En effet, si Amnesty croit savoir qu’une erreur technique de l’avocat de Laurent Gbagbo a contribué au rejet de la dernière demande de mise en liberté conditionnelle de l’accusé, elle rejette fermement le mobile de la décision des juges de la Chambre de première instance de maintenir l’ancien chef d’Etat derrière les barreaux.

« Considérant que la cour a été saisie sur le droit d’un accusé privé de liberté pendant près de six ans, en attendant son procès, et que le cade juridique de la CPI comporte l’obligation d’appliquer et d’interpréter la loi conformément aux droits de l’Homme et aussi de respecter les droits de l’accusé, l’intérêt de la justice aurait été d’avoir une approche plus indulgente », a affirmé Amnesty, cité par nos confrères de Yenews.

L’Ong explique par ailleurs que « même si les accusés traduits devant la CPI sont toujours mis en cause dans des crimes sérieux, leur présomption d’innocence et leur droit de demander une mise en liberté provisoire ne peuvent être mis en question. Amnesty international appelle dont la CPI à « l’équité » y compris sur « les questions de procédures »

Quoique sur le tard, la prise de position de Amnesty arrive à un moment d’autant plus crucial du procès controversé contre Gbagbo, dans la mesure où la défense de l’ancien président est de nouveau engagée sur la voie d’une autre demande de mise en liberté conditionnelle, après le rejet pour la 13ème fois, le 26 septembre, d’une autre demande du même type.

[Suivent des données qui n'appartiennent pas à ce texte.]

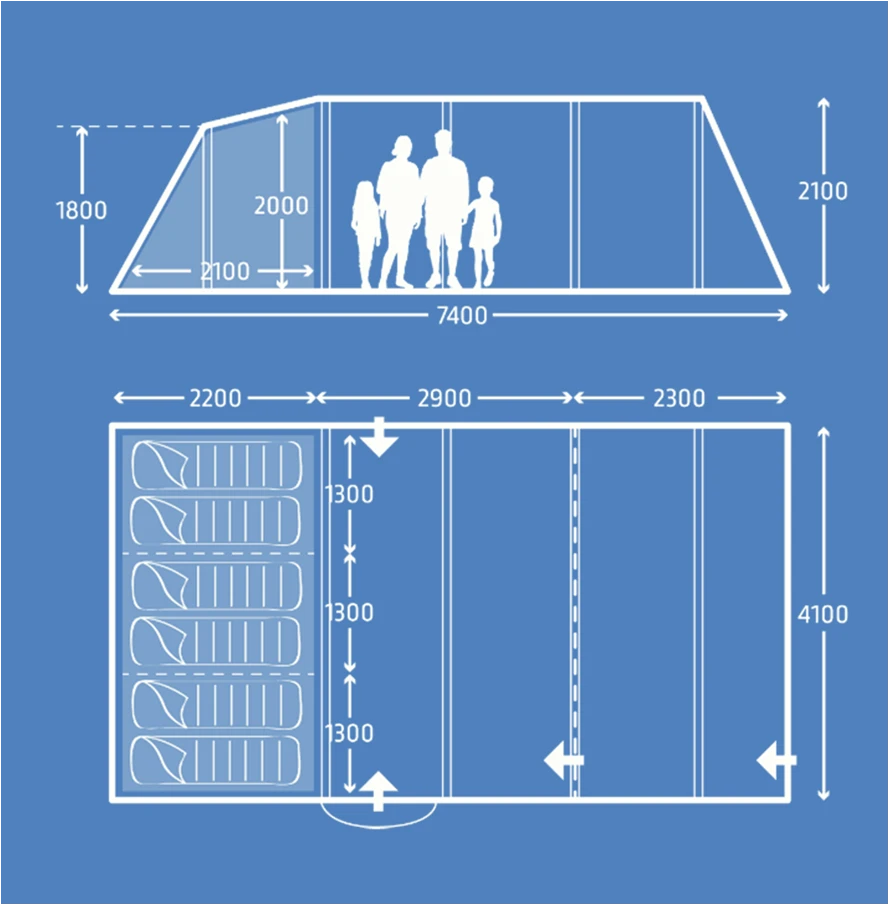 Kampa Croyde 6 AIR Package With Carpet And Groundsheet 9120001252 4 Kampa Croyde 6 AIR Package With Carpet And Groundsheet 9120001252 - Image 2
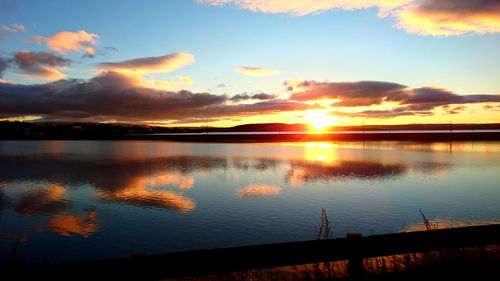 Scenic view of lake against sky during sunset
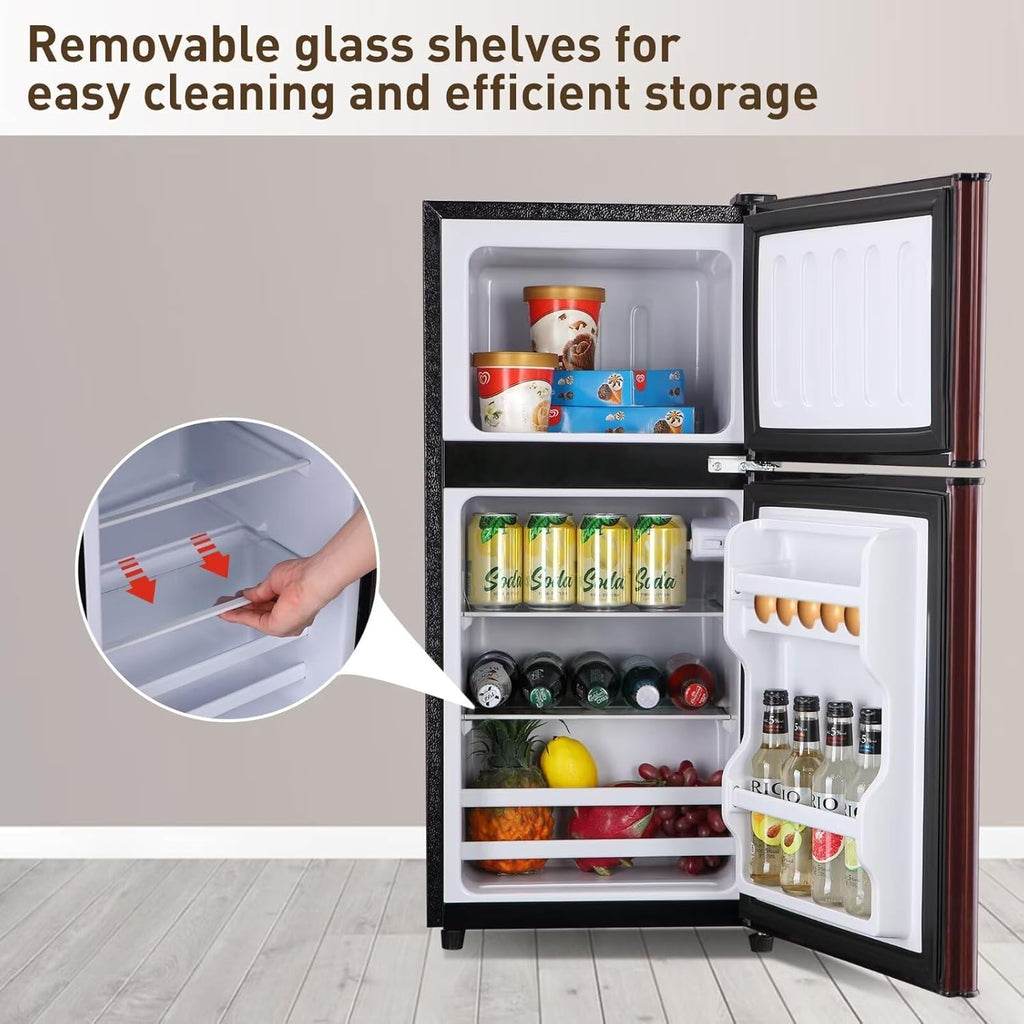 Compact Refrigerator, 3.5 Cu.Ft Double Door Fridge with 7 Level Adjustable Thermostat W926830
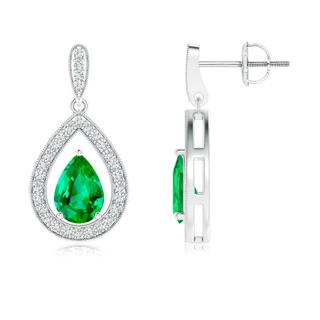 7x5mm AAA Pear Emerald Drop Earrings with Diamond Halo in White Gold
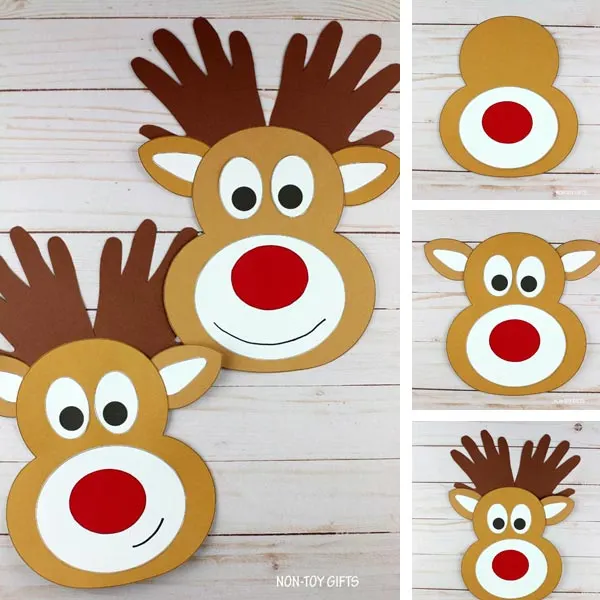 Handprint reindeer craft collage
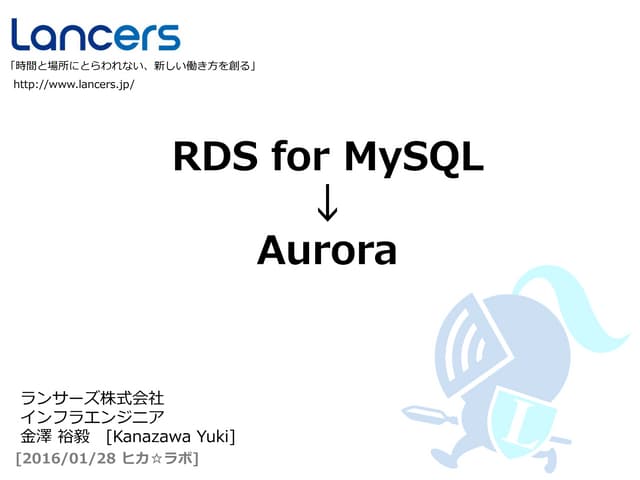 【ヒカラボ】RDS for MySQL → Aurora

Inéquitable, arbitraire, injustement prolongée… Aucune épithète ne suffit à ce jour pour qualifier la détention inique depuis plus de six ans de l’ancien président ivoirien pour des crimes de guerres et contre l’humanité imaginaires dont aurait en principe dû répondre son adversaire, Alassane Ouattara, dont la responsabilité dans l’agression de la Côte d’Ivoire avec la complicité du gouvernement français et de l’ONUCI, ainsi que dans les massacres en masses des populations (Cf. les plus de 3.000 morts de Duékué), a été depuis démontrée.

L’intervention de Amnesty International tranche cependant avec celle de Human Rights Watch, qui, répondant aux critiques de ceux qui en appellent à la fin de la parodie de justice que constitue le soi-disant procès contre Gbagbo et Blé, avec aux manettes une justice internationale qui agit comme un instrument de domination supplémentaire au service des pouvoirs en place et des puissances occidentales, a toujours estimé que dire que Ouattara devrait lui aussi comparaître devant la CPI, n’apporte rien à la défense de Gbagbo, mais constitue plutôt « de la poudre aux yeux politique ».